[Stored data entries]
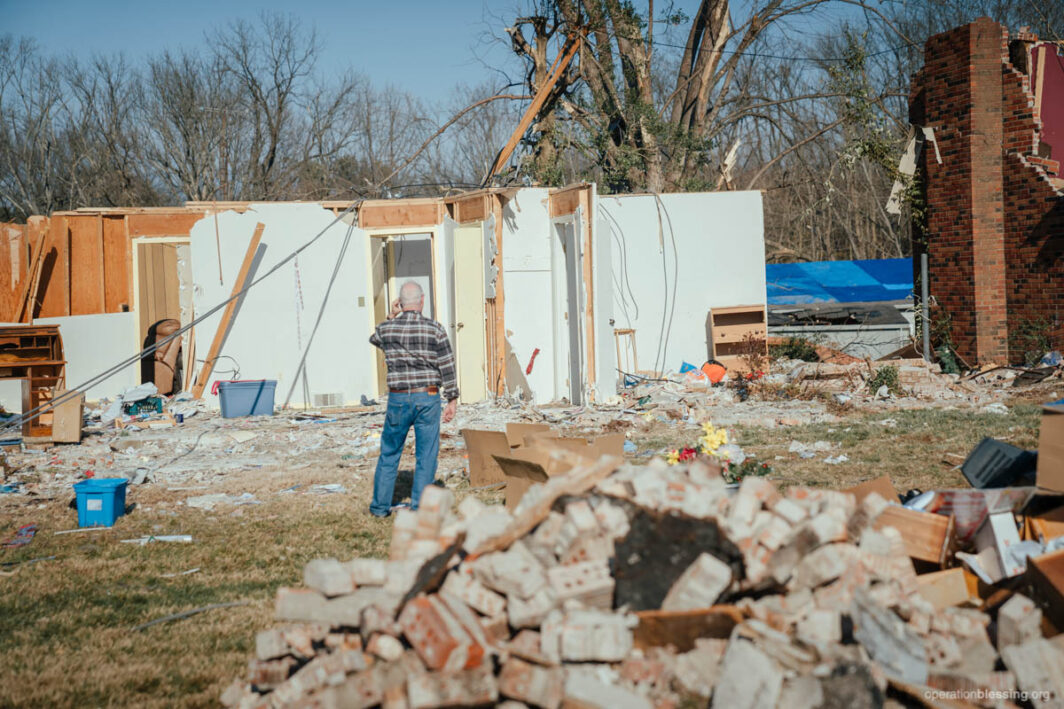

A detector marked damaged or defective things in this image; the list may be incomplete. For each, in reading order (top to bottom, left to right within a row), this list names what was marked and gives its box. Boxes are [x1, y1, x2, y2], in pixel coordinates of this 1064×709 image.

damaged brick wall [910, 17, 1059, 364]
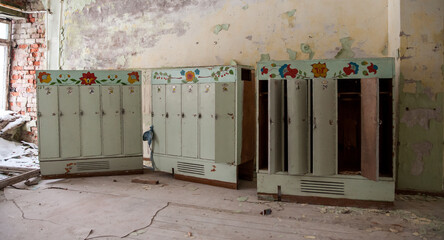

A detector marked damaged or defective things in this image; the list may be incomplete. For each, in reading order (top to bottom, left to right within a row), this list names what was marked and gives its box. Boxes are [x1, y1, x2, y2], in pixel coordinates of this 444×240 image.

cracked plaster wall [396, 0, 444, 191]
cracked concrete floor [0, 170, 444, 239]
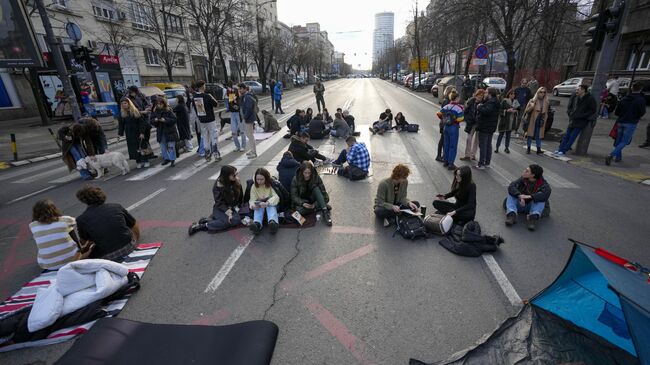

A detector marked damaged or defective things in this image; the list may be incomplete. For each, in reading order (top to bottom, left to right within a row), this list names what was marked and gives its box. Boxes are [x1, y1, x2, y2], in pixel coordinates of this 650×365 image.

road crack [262, 230, 302, 318]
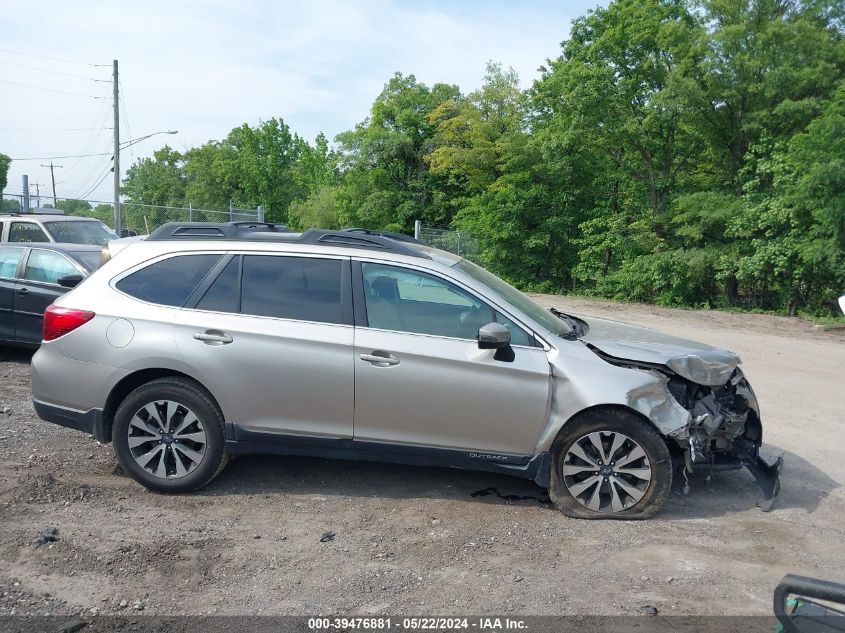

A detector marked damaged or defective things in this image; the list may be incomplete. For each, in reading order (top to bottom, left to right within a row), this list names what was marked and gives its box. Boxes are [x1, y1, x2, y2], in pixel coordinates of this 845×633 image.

crumpled hood [580, 312, 740, 386]
front-end collision damage [592, 344, 780, 512]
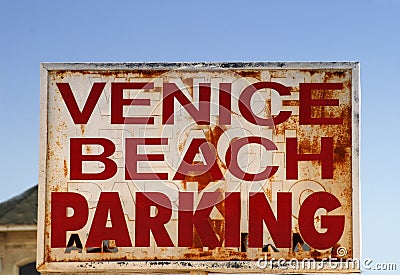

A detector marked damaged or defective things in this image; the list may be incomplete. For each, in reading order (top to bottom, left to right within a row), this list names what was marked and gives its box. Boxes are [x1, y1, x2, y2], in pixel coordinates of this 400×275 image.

rusty metal surface [37, 62, 360, 274]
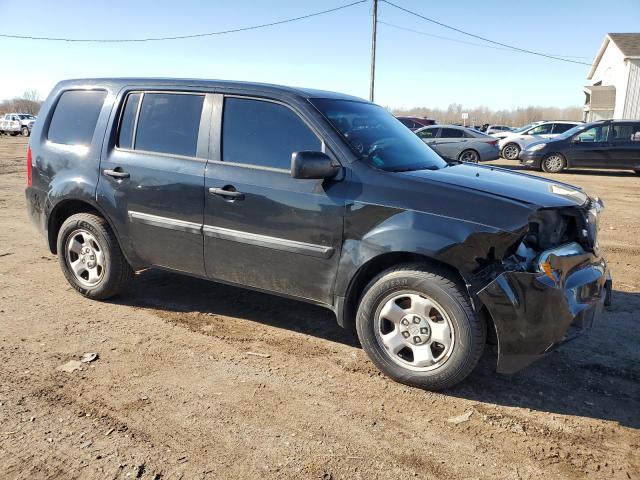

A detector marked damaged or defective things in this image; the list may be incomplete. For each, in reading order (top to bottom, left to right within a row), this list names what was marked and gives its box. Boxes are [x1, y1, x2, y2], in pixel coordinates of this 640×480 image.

front-end collision damage [470, 197, 608, 374]
crumpled bumper [480, 246, 608, 374]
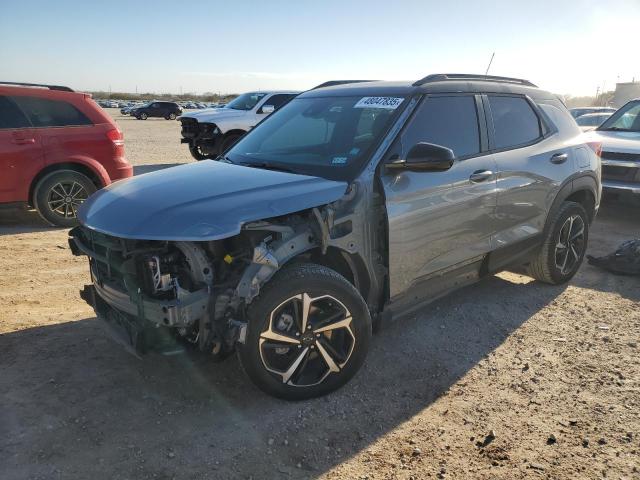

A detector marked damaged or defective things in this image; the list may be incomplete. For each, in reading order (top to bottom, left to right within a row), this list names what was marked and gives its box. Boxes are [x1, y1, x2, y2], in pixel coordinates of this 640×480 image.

damaged gray suv [72, 73, 604, 400]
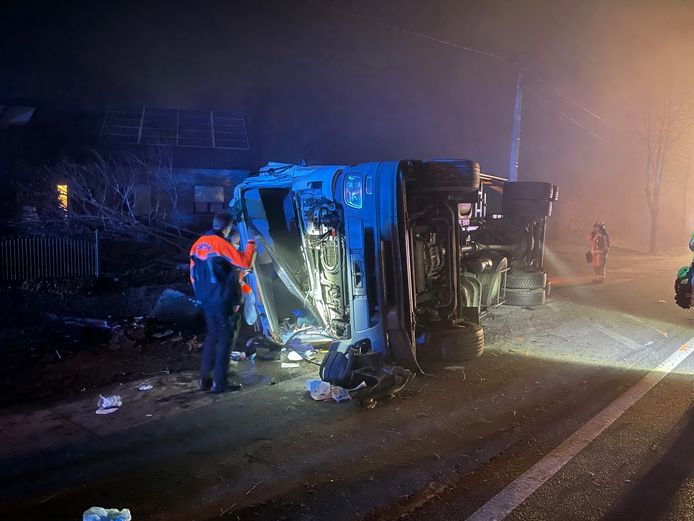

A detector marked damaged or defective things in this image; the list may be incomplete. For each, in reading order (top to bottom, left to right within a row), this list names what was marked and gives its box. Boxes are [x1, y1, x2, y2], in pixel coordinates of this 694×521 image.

exposed truck tire [410, 159, 482, 192]
exposed truck tire [502, 182, 556, 200]
exposed truck tire [500, 198, 556, 216]
overturned blue truck [230, 160, 560, 388]
exposed truck tire [508, 268, 548, 288]
exposed truck tire [506, 286, 548, 306]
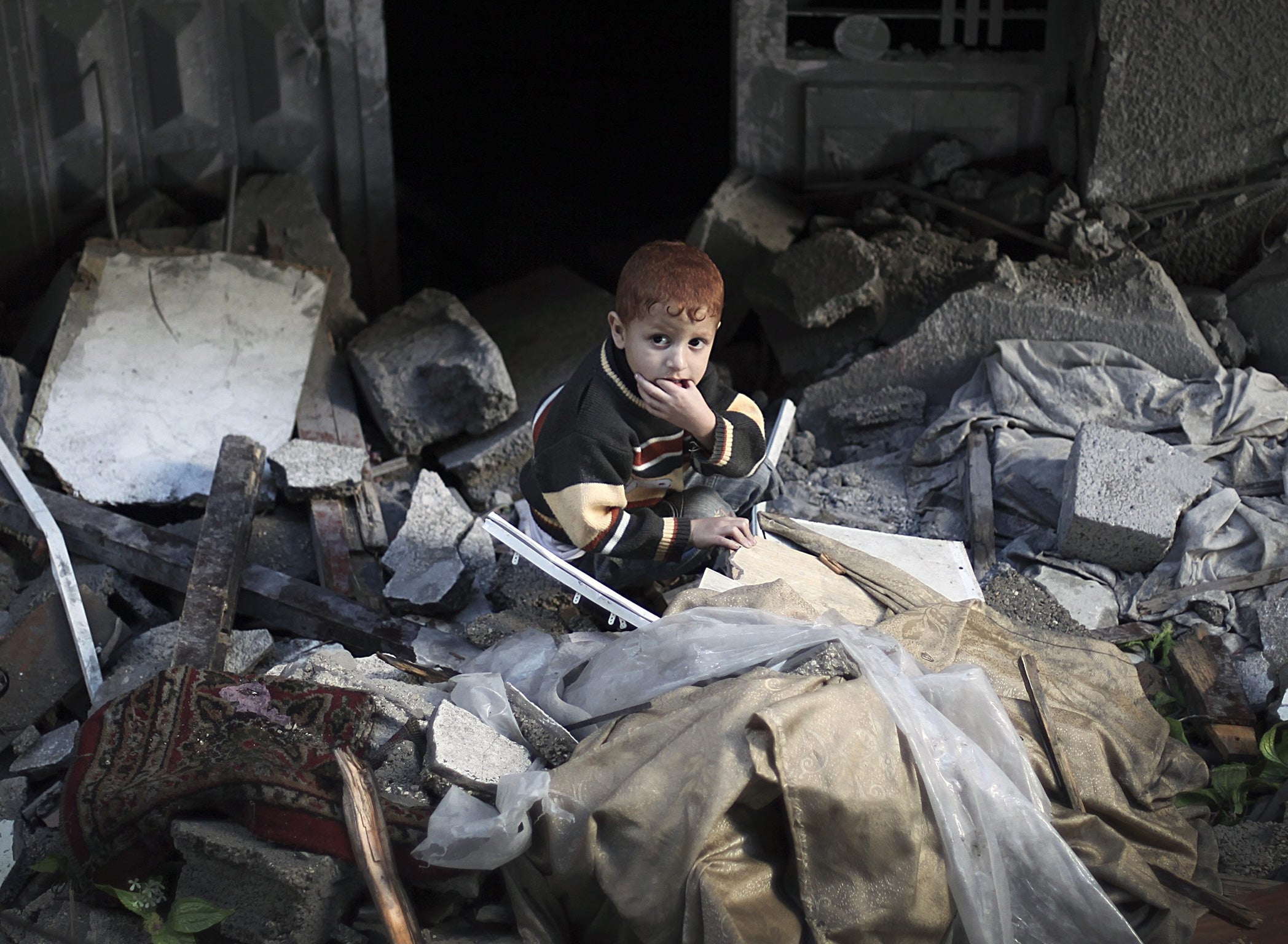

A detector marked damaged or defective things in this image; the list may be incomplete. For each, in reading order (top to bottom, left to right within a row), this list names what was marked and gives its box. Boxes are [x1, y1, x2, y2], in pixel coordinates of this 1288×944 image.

## DIRECTIONS FOR THIS TASK
Retype the records verbatim, excluding each image they hold.

## REPLY
A detector marked damaged or defective things in this image; the list may be incomplete. For each, in reading order (top to bottom, left to right within a row), this list names what was marked and gives its box. Boxes are [x1, y1, x2, y2], in pixel coordinates of this 1064×709 image.

damaged brick wall [910, 17, 1059, 364]

A detector marked damaged or defective things in this image; the list may be incomplete. For each, in reading order (top to bottom, left to right within a row), this list names what was marked and gives its box. Boxes are [x1, y1, x2, y2], in pixel coordinates of this 444×240 image.

cracked plaster wall [396, 0, 444, 191]
cracked concrete floor [0, 170, 444, 239]

A detector marked damaged or defective things in this image; the list may be incomplete. For each, in reading order (top to bottom, left to right within a row), this list names what was marked and gives its box. Boxes are [x1, y1, x2, y2], in pixel coordinates of this 650×365 image.

road crack [262, 230, 302, 318]

A detector marked damaged or defective things in this image; the list may be incomplete. For each, in reading order (top to bottom, left to right within a row), this list names what was marked and gives its box. Boxes are [x1, y1, x2, y2], in pixel coordinates of this 845×633 image.

crumpled hood [580, 312, 740, 386]
front-end collision damage [592, 344, 780, 512]

A detector marked damaged or defective things in this image; the list may be incomplete. For each, in reading order (top to bottom, left to right within a row), this list names what was marked and gives its box. Boxes are [x1, y1, x2, y2], in pixel coordinates of this 400×275 image.

rusty metal surface [37, 62, 360, 274]

A detector marked damaged or defective things in this image; the list may be incomplete. For each, in reading order (top to bottom, left to right within a row), this list names what was marked and gives its box. Boxes are [x1, y1, x2, y2], in pixel coordinates of this 640×480 image.

front-end collision damage [470, 197, 608, 374]
crumpled bumper [480, 246, 608, 374]

A detector marked damaged or defective things in this image; the list may be incomplete. For each, in reading order (top to bottom, left to right within a row), this list names what was marked and gives its box. Boxes are [x1, y1, x2, y2], in pixel coordinates of this 640×480 image.

damaged gray suv [72, 73, 604, 400]

A detector marked damaged or defective things in this image; the list may be incomplete. For each, in reading order (top to bottom, left to right within a row), this list names what was marked and gives its box. Boxes are [x1, y1, x2, y2], in pixel coordinates of this 694×521 image.

exposed truck tire [410, 159, 482, 192]
exposed truck tire [502, 182, 556, 200]
exposed truck tire [500, 198, 556, 216]
overturned blue truck [230, 160, 560, 388]
exposed truck tire [508, 268, 548, 288]
exposed truck tire [506, 286, 548, 306]

A detector marked damaged or defective things in this image; the list may be incomplete. For each, in reading order (top to bottom, left to right within a row), this list names what was marked and gives its box. Boxes are [x1, y1, x2, y2], in pixel coordinates of this 1288×944 image.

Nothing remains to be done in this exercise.